Noncuranti del fatto che siamo il Paese europeo con i più alti livelli di stress idrico, manteniamo i livelli record di prelievo di acqua in Europa: con quasi 40 miliardi di m3 all’anno l’Italia è prima e preleva più del 30% della disponibilità idrica annua: stiamo quindi intaccando il nostro patrimonio idrico e mettendo in pericolo gli ecosistemi.
L’acqua prelevata in Italia viene destinata per il 41% all’agricoltura, il 24% ad usi civili, il 20% all‘industria e il 15% alla produzione di energia elettrica. Siamo il secondo paese europeo per prelievi destinati all’agricoltura (dopo la Spagna) ma non sono state attivate procedure avanzate di contabilizzazione degli usi agricoli e non stiamo migliorando la nostra performance.
L’Italia vanta anche il triste record europeo di acqua prelevata per usi civili: con 9 miliardi di m2 ogni anno (e +70% rispetto al 2000). Ciò è dovuto sicuramente all’alto livello di perdite della rete idrica nazionale (che sono in continua crescita e hanno superato il 40%), ma anche ad una scarsa abitudine alla riduzione degli sprechi: un italiano consuma 220 litri di acqua, il doppio dell’acqua consumata da un cittadino medio europeo. L’Italia è anche il primo paese Europeo per utilizzo di acqua in industria: 4 volte più della Germania e 8 volte più della Francia.
A livello globale siamo entrati in una fase di «anormalità climatica permanente» che ha già modificato il ciclo dell’acqua aumentando la frequenza e l’intensità di eventi meteoclimatici estremi. L’incidenza della crisi climatica e del riscaldamento globale sta portando effetti devastanti: in vent’anni i ghiacciai alpini in Italia hanno perso in media 25 metri di spessore, oltre 50 miliardi di m3 di ghiaccio. Secondo il Piano nazionale per l’adattamento al cambiamento climatico, se le temperature continueranno ad aumentare nessuna delle stazioni sciistiche del Friuli Venezia-Giulia avrebbe a breve una copertura nevosa naturale sufficiente a garantire la stagione e lo stesso accadrebbe ad un terzo delle stazioni in Lombardia, Trentino-Alto Adige e Piemonte.

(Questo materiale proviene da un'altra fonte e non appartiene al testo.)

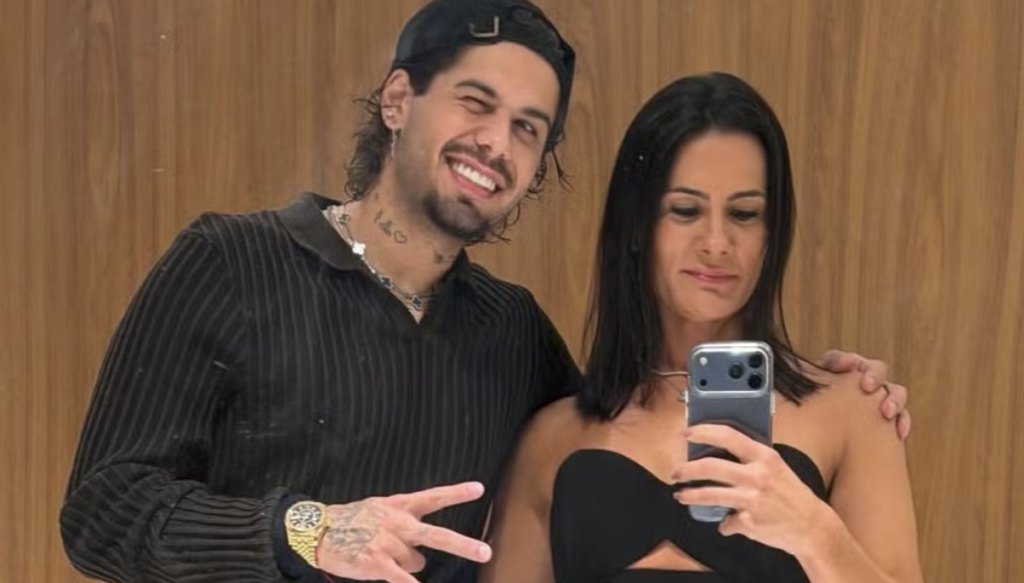 Zé Felipe posa com sogra e combina look com família de Ana Castela Zé Felipe posa com sogra e combina look com família de Ana Castela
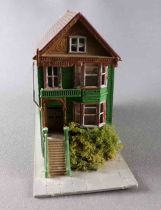 N Scale American Wood House Built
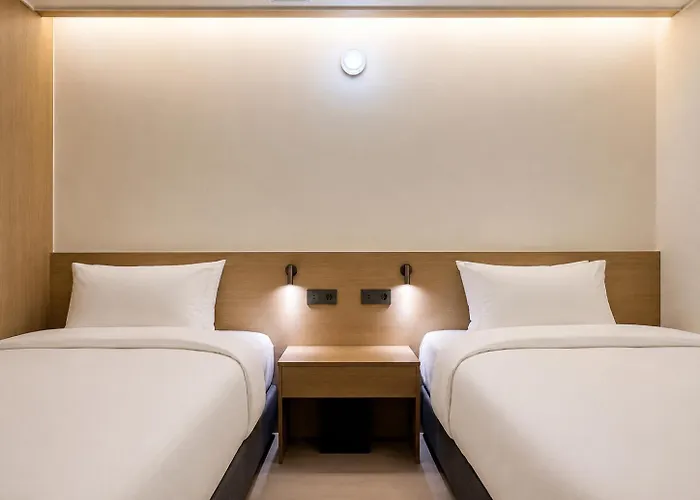 Link B Hotel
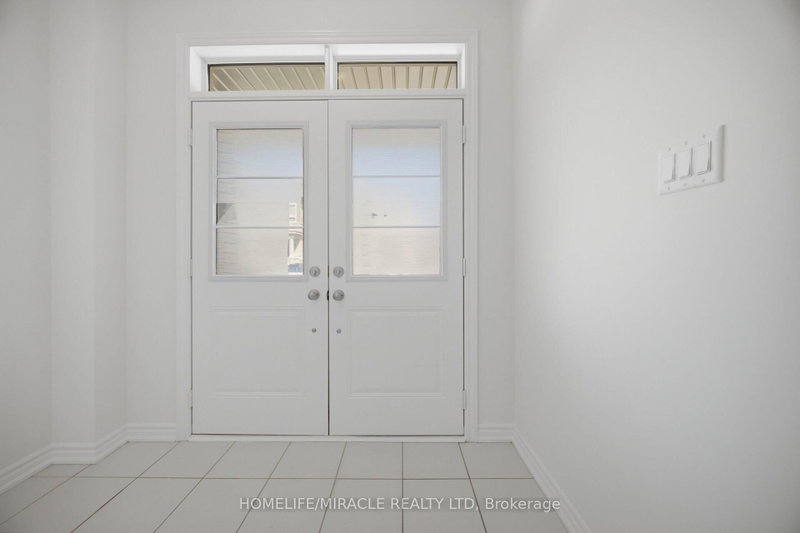 19 Donald Ficht Crescent
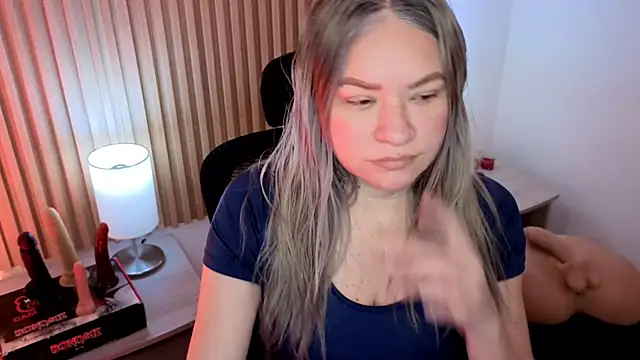 MarianL0ve online show from November 2025 10:41:02 AM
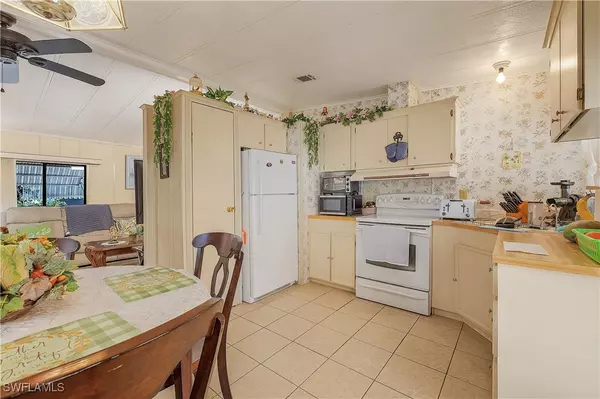 St James City, FL 33956,7261 Drum DR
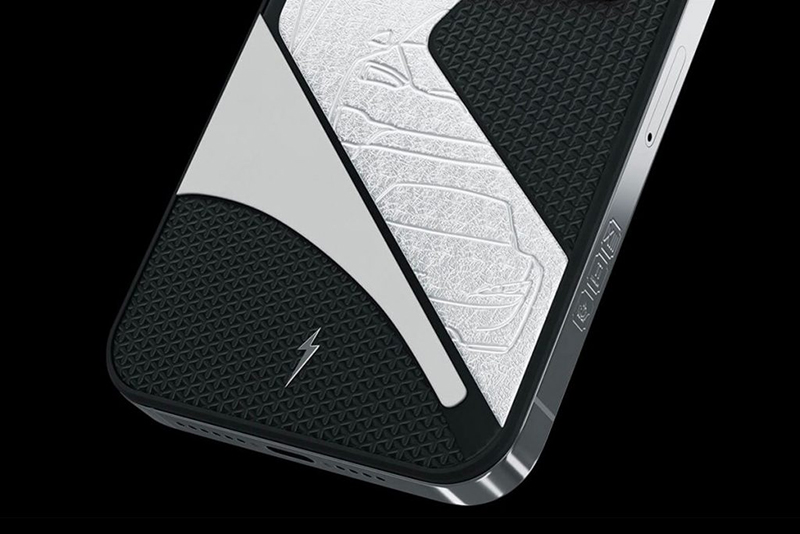 iphone-13-pro-duoc-che-tac-tu-xe-tesla-co-gia-tu-164-trieu-dong-4-1024x683-1 iphone13-pro-che-tac-tu-xe-sieu-ban-re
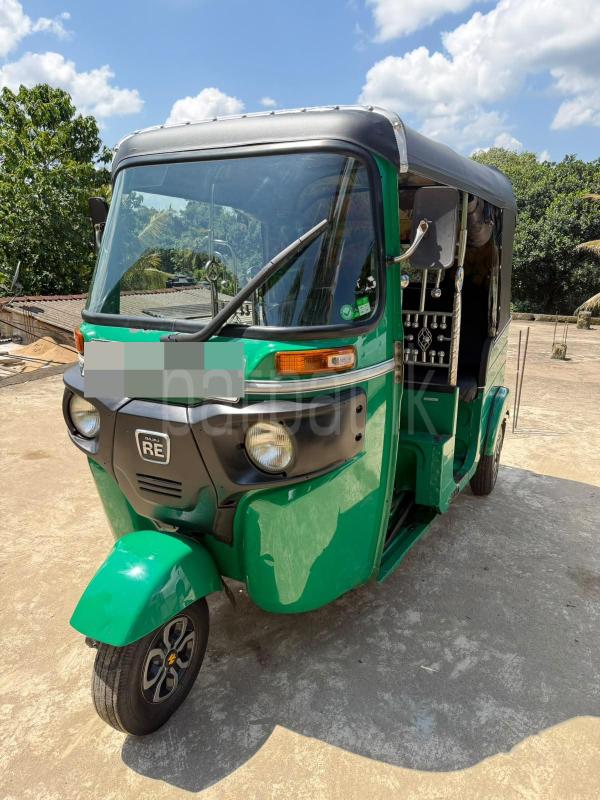 Bajaj 4 stroke 2017 - භාවිතා කරන ලද ත්‍රිරෝද රථය sale in Sri Lanka - patpat.lk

La crisi climatica, oltre ai danni provocati dal riscaldamento e dall’aumento medio delle temperature, provoca anche l’aumento dell’intensità e della frequenza di precipitazioni eccezionali, come quello recente dell’Emilia Romagna: in Italia i fenomeni a carattere eccezionale sono aumentati esponenzialmente negli ultimi anni, fino a superare nel 2022 per la prima volta il valore record di 2.000 episodi all’anno: un italiano su cinque risiede in aree potenzialmente allagabili, mentre sono minacciate da pericolosità idraulica medio-alta 6,9 milioni di persone, 1,1 milioni di imprese e 4,9 milioni di edifici. Le Regioni a maggior rischio di alluvione in Italia sono l’Emilia-Romagna, seguita da Veneto e Calabria e da Friuli-Venezia-Giulia, Toscana e Lombardia. In quasi tutte queste Regioni il livello di cementificazione del territorio è molto alto.